Die Multiple-Sklerose, eine chronisch-entzündliche Erkrankung des Zentralnervensystems, beginnt bei den meisten Patienten zunächst schubartig und nimmt dann einen stetig fortschreitenden Verlauf. Zur Entstehung der Krankheit trägt oxidativer Stress, also die übermäßige Erzeugung von freien Sauerstoffradikalen, nach vorherrschender Überzeugung wesentlich bei. Ähnliche Vorgänge finden auch während anderer chronisch-entzündlichen Erkrankungen statt, wie z.B. SLE (Lupus).
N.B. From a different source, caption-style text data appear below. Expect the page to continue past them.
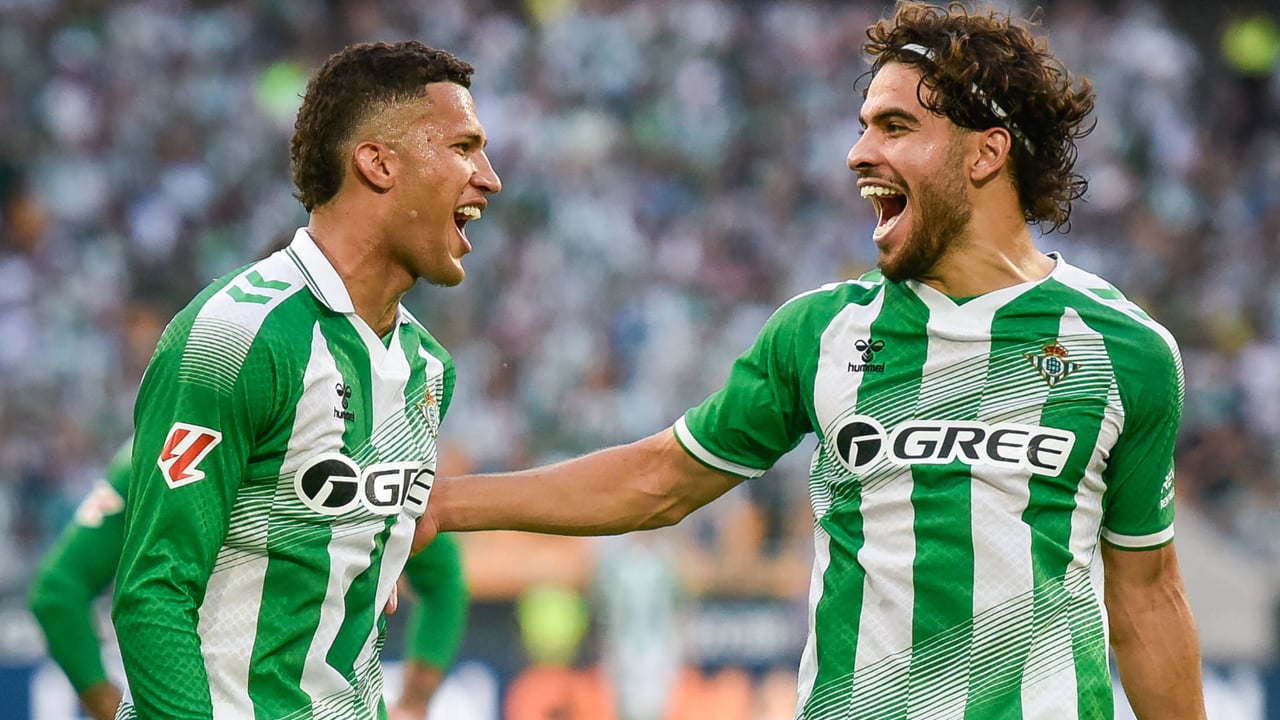 De transferible a MVP, la metaformosis de Nelson Deossa en el Betis: "No me lo esperaba"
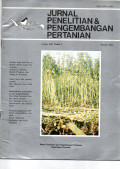 JURNAL PENELITIAN & PENGEMBANGAN PERTANIAN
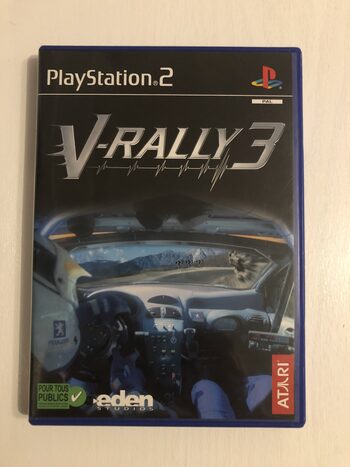 V-Rally 3 (2006) PlayStation 2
Wir haben eine Technologie entwickelt, die Multi-Photonen-Mikroskopie und Fluoreszenzlebensdauer-Bildgebung der zelleigenen Moleküle NADH und NADPH (zusammenfassend als NAD(P)H bezeichnet) vereint, um den Energiehaushalt von Zellen sowohl in Kultur als auch in lebenden Organismen beobachten zu können. Dabei konnten wir die spezifische Aktivität relevanter NAD(P)H-abhängiger Enzyme visualisieren, unter anderen, denen Enzymen, die zum oxidativen Stress führen – und zwar sowohl in Zellen von MS-Patienten als auch an Versuchstieren. Wir konnten zeigen, dass diese NAD(P)H-abhängigen Enzyme, sogenannte NADPH-Oxidasen, an der Bildung eines Gedächtnisses für oxidativen Stress in den späten Phasen der Erkrankung beteiligt sind. Zu den gehirneigenen Zellen, in den NADPH-Oxidasen aktiviert sind, gehören die Astrozyten und die Mikroglia und das, selbst wenn in Gehirn keine Zellen des Immunsystems mehr zu finden sind. Dies führt zu einer anhaltenden Schädigung der Nervenzellen und somit zur dauerhaften Beeinträchtigung der Patienten.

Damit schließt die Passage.